Task description: Ignoring every picture, return the lines of the listing below word for word, from the line that holds "PIONEER DVR-640H-AV (RCS-606H" through the line that holds "ساعة دوكسا Sub200 - بحالة نظيفه 2".

Material provided:
*** Begin section ***

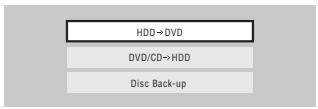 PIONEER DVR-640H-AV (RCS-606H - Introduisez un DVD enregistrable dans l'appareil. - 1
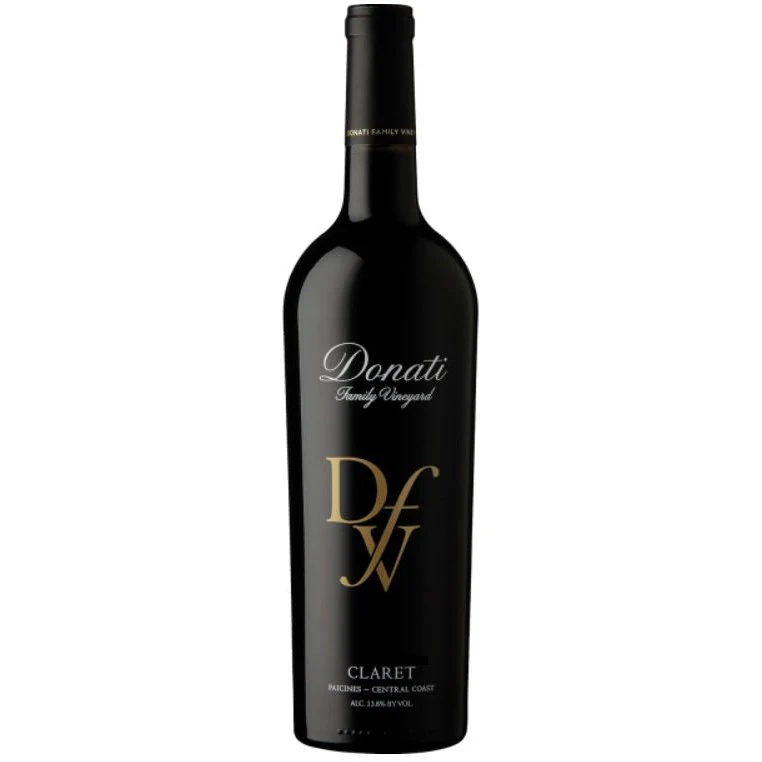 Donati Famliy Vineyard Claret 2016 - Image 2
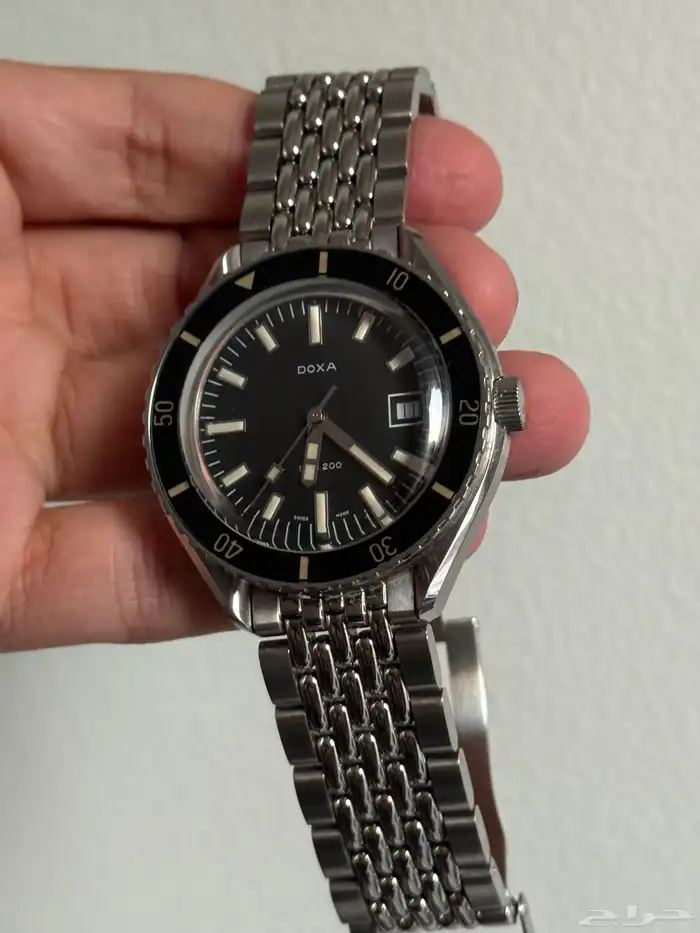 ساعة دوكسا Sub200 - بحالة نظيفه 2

*** End section ***
*** Begin section ***

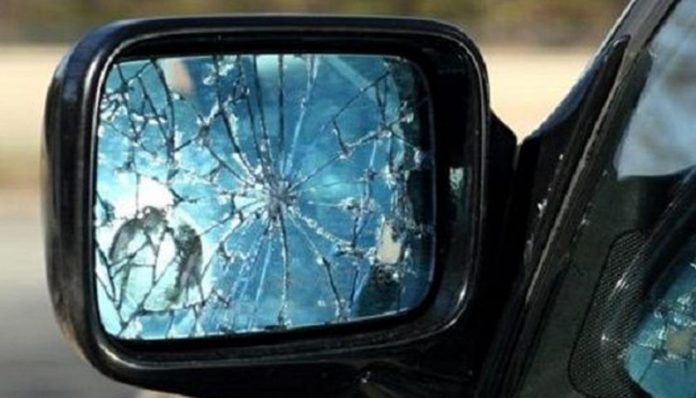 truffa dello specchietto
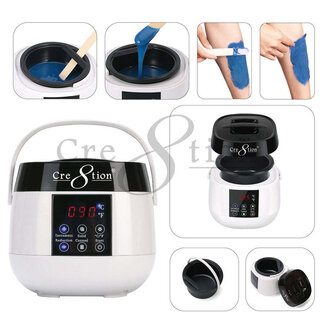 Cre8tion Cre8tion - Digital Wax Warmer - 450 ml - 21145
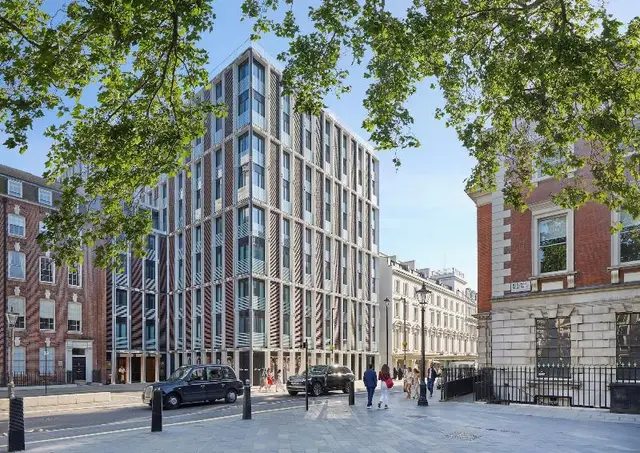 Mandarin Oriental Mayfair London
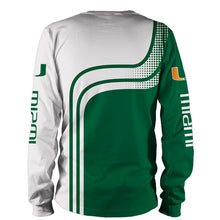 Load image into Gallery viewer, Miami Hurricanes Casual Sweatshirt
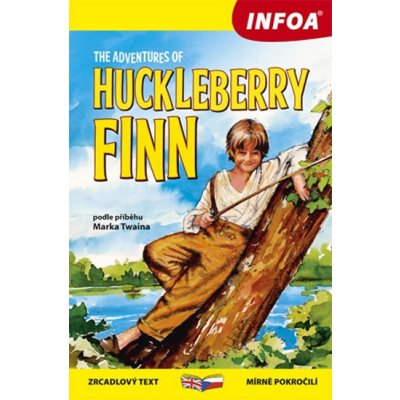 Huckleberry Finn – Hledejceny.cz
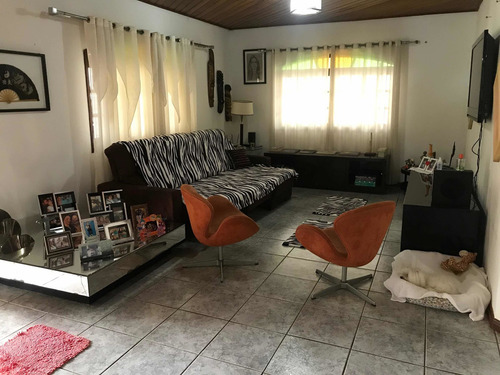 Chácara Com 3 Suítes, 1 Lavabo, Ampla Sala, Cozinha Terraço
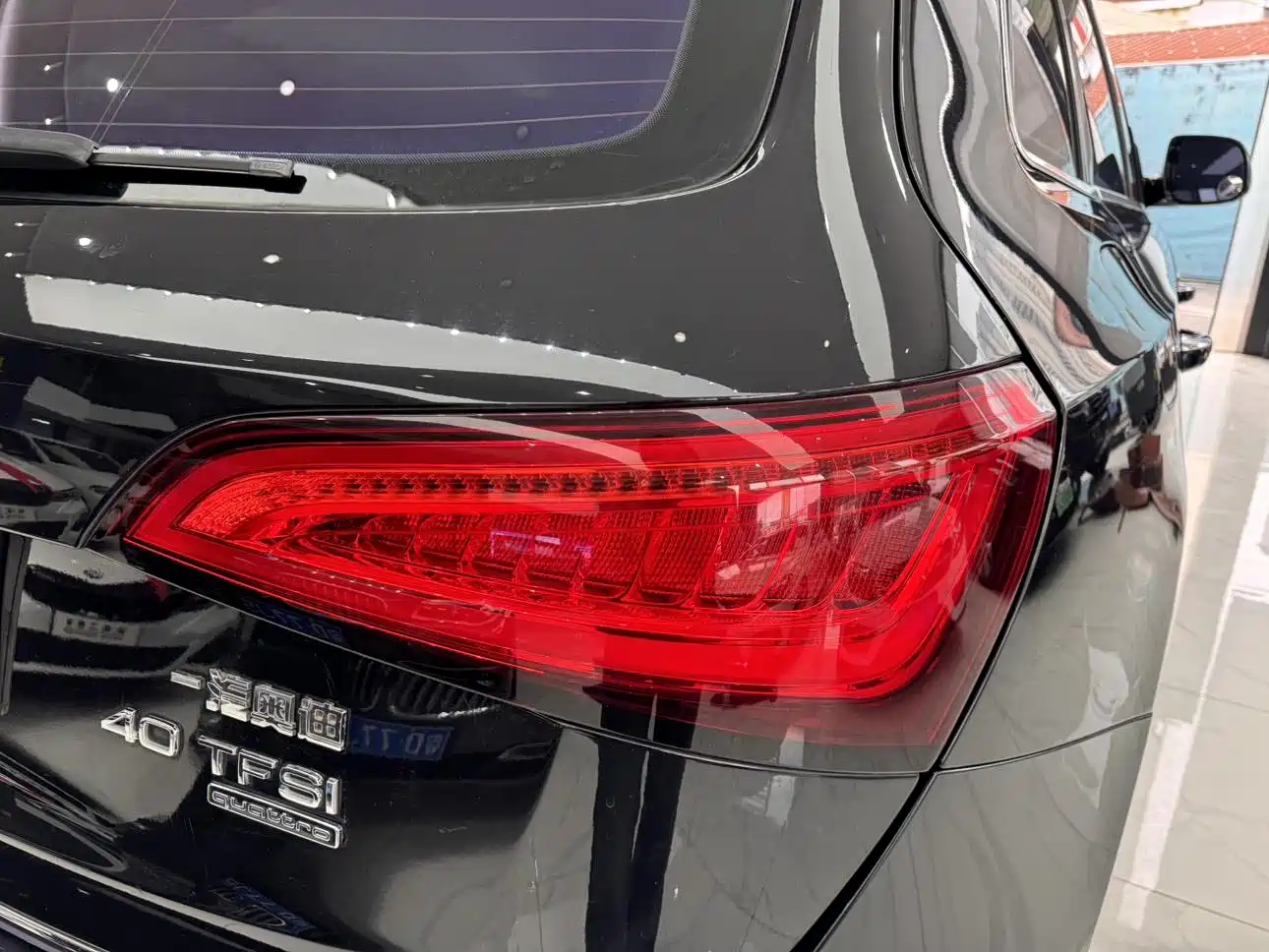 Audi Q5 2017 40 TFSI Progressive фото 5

*** End section ***

Reply:
 PIONEER DVR-640H-AV (RCS-606H - Introduisez un DVD enregistrable dans l'appareil. - 1
 Donati Famliy Vineyard Claret 2016 - Image 2
 ساعة دوكسا Sub200 - بحالة نظيفه 2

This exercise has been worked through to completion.